Truss has said that if she wins the Conservative leadership contest she will “look again” at the Bank’s mandate, and therefore its independence, which was given to it 25 years ago by Gordon Brown in an attempt to depoliticise monetary policy. As the new leader of a party committed to making every economic decision for political gain, it would be logical for Truss to seize the power to set interest rates in favour of Conservative voters rather than the wider country.
Truss has also said that she plans to merge the two financial regulators that were established in the wake of the 2008 crash, the Financial Conduct Authority and the Prudential Regulation Authority (which is part of the Bank of England), and to rewrite financial regulations such as Solvency II, which sets capital requirements in insurance companies to protect policyholders, and Mifid II, which sets requirements for disclosure and transparency in financial instruments. Together these plans amount to a promise to remove the guard rails that were put up during the last financial crisis, just as a fresh financial crisis arrives.
Why would anyone introduce this much risk into Britain’s economy at such a dangerous time? We could perhaps ask William H McGlothlin, if he hadn’t died in a mountaineering accident in 1980.
In 1956 McGlothlin, a psychologist at the Rand Corporation, an American think tank, collected three years of back-issues of the Daily Racing Form Chart Book. He compared the odds and bets placed at ten racetracks in New York and California, and found that in the eighth and final race of each day, long odds (horses with little chance of winning) became much more popular. The data provided a conclusion any schmuck in the stands could have told him: no one takes a safe bet at the end of the day.
A few decades later behavioural economics would arrive to explain why people bet more at the end of the day. Our brains act in the context of previous decisions, so the most common response to a losing bet is not to make the rational decision to stop gambling, but to attempt to redress the balance by trying again.

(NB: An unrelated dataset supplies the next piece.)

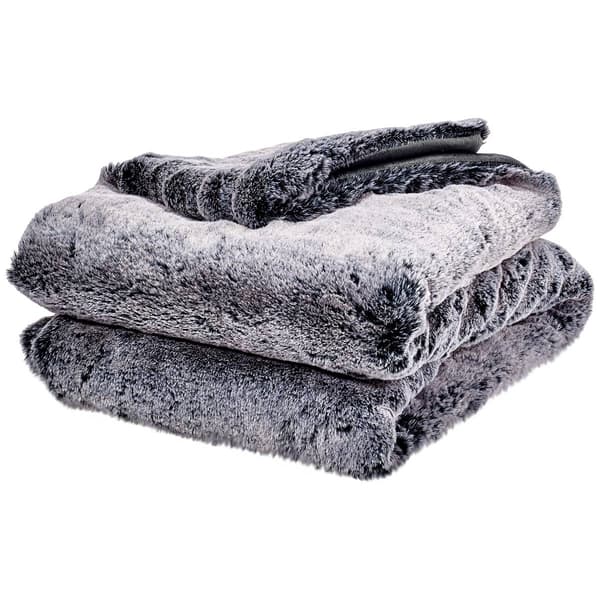 Ultra Lux Faux Fur Throws - 50x70 - image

By the end of the day, most gamblers will have racked up enough losses that only a long-odds bet will help them to break even (which of course it almost never does).
Such risk-seeking can be found in many situations in which it’s the worst option: tired drivers are more likely to speed, for example. And it may be that a party that has been in power for a long time finds itself seeking more risk as it grows ever more unpopular and its more percipient members seek employment elsewhere. This could be said to apply to today’s Conservative Party: behind in the polls, drained of talent and ideas, our government is now approaching the biggest economic crisis for a generation with the air of a gambler who, rather than saving the last of their money, bets the lot on one last go at the get-out stakes.